Optimizing the Sort/Merge phase on the Reducer node
Some of the parameters which can be utilized to optimize the sort behavior on the Reducer node are
- reduce.shuffle.input.buffer.percent – This is the proportion of heap memory dedicated to storing map outputs retrieved from the mapper during the shuffle phase. If a specific mapper output is small enough it is retrieved into this memory or else it is persisted to the local disk of the reducer
- reduce.shuffle.merge.percent – This is the usage threshold of the heap memory defined by the
- reduce.shuffle.input.buffer.percent at which an in-memory
- merge of the mapper outputs maintained in memory will be initiated.
- reduce.merge.inmem.threshold – This is the threshold in terms of the number of mapper outputs accumulated in memory after which the in-memory merge process initiates. Either the threshold defined by this property or the property defined above (mapreduce.reduce.shuffle.merge.percent) needs be reached for in-memory merge process to be initiated.
Custom Shuffle and Sort – The pluggable shuffle and pluggable sort capabilities allow replacing the built in shuffle and sort logic with alternate implementations. Example use cases for this are: using a different application protocol other than HTTP such as RDMA for shuffling data from the Map nodes to the Reducer nodes; or replacing the sort logic with custom algorithms that enable Hash aggregation and Limit-N query.
A custom shuffle implementation requires a
org.apache.hadoop.yarn.server.nodemanager.containermanager.AuxServices.AuxiliaryService implementation class running in the NodeManagers and a
org.apache.hadoop.mapred.ShuffleConsumerPlugin implementation class running in the Reducer tasks.

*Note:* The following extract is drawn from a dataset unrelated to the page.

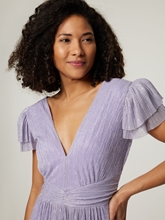 Image sur Robe de soirée plissée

The default implementations provided by Hadoop can be used as references:
- apache.hadoop.mapred.ShuffleHandler
- apache.hadoop.mapreduce.task.reduce.Shuffle
A custom sort implementation requires a org.apache.hadoop.mapred.MapOutputCollector implementation class running in the Mapper tasks and (optionally, depending on the sort implementation) a org.apache.hadoop.mapred.ShuffleConsumerPlugin implementation class running in the Reducer tasks.
The default implementations provided by Hadoop can be used as references:
- apache.hadoop.mapred.MapTask$MapOutputBuffer
- apache.hadoop.mapreduce.task.reduce.Shuffle
Encrypted Shuffle – The Encrypted Shuffle capability allows encryption of the MapReduce shuffle using HTTPS and with optional client authentication (also known as bi-directional HTTPS, or HTTPS with client certificates). It comprises:
- A Hadoop configuration setting for toggling the shuffle between HTTP and HTTPS.
- A Hadoop configuration settings for specifying the keystore and truststore properties (location, type, passwords) used by the shuffle service and the reducers tasks fetching shuffle data.
- A way to re-load truststores across the cluster (when a node is added or removed).